■ EXERCISE REQUIREMENTS
Up to and including the line with "Women's Casual Denim", restate the records below word for word, beginning with their first line.

■ PROVIDED RECORDS
○ ○ ○ ○ ○ ○ ○

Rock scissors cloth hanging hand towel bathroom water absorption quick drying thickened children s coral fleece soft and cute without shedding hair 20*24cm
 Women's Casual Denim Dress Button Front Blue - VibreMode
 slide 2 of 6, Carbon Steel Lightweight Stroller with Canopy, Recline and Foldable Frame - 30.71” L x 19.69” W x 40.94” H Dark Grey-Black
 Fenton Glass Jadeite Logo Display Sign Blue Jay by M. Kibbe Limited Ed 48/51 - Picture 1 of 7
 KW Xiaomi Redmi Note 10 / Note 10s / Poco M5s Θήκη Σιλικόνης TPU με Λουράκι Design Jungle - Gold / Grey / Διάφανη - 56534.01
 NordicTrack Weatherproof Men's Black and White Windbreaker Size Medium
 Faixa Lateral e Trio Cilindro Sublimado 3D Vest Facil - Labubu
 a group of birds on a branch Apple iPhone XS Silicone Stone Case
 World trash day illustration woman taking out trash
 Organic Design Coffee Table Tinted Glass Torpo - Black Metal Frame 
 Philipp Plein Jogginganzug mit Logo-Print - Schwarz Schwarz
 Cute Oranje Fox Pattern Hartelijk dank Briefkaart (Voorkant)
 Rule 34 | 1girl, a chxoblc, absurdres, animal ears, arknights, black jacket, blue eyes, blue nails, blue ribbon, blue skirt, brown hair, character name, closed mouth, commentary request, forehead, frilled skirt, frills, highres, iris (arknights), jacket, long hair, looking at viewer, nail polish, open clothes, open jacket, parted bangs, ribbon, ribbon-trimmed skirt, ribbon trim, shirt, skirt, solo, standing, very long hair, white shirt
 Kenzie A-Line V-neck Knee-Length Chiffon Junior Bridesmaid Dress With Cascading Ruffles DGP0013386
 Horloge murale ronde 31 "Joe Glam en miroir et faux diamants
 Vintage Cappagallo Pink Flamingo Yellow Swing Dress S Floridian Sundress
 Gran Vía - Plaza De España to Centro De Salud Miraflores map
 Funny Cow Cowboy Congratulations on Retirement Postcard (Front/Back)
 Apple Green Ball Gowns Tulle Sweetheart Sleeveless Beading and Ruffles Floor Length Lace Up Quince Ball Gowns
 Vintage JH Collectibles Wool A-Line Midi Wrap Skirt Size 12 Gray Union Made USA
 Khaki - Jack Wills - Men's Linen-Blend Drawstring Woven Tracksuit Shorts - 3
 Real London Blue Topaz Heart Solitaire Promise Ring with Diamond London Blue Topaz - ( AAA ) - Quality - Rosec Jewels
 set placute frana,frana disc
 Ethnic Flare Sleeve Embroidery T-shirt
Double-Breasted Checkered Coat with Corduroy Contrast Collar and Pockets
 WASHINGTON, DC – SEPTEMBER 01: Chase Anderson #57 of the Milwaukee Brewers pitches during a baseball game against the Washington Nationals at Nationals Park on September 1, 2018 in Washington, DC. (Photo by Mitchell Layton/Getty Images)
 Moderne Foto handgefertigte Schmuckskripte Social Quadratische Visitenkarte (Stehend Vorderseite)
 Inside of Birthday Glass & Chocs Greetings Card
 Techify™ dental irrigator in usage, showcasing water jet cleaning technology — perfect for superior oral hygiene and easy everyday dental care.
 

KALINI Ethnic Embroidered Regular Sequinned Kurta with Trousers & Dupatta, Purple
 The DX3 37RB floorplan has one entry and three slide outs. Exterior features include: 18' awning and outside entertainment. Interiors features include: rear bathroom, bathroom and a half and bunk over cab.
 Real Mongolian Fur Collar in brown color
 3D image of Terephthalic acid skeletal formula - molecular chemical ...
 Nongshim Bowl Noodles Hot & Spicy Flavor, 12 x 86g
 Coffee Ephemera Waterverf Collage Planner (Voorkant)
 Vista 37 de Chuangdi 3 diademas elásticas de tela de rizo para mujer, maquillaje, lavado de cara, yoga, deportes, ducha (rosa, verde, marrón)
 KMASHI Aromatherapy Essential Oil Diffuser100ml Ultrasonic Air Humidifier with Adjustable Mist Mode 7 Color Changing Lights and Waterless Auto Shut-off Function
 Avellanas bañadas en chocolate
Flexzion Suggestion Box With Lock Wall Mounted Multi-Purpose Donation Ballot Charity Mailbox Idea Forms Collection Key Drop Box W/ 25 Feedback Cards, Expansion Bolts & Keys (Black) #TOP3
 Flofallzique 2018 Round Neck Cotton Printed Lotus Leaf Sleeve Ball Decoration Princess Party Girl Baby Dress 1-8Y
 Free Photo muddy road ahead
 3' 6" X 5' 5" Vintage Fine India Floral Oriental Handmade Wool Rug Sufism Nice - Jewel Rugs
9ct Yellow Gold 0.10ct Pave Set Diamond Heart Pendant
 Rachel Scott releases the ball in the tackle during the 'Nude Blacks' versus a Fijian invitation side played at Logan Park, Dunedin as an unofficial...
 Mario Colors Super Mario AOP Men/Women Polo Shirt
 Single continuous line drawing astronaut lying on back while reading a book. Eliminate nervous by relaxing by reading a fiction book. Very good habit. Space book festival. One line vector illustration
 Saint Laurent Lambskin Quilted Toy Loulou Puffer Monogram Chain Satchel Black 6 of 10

○ ○ ○ ○ ○ ○ ○

■ SOLUTION TO THIS PROBLEM
Rock scissors cloth hanging hand towel bathroom water absorption quick drying thickened children s coral fleece soft and cute without shedding hair 20*24cm
 Women's Casual Denim Dress Button Front Blue - VibreMode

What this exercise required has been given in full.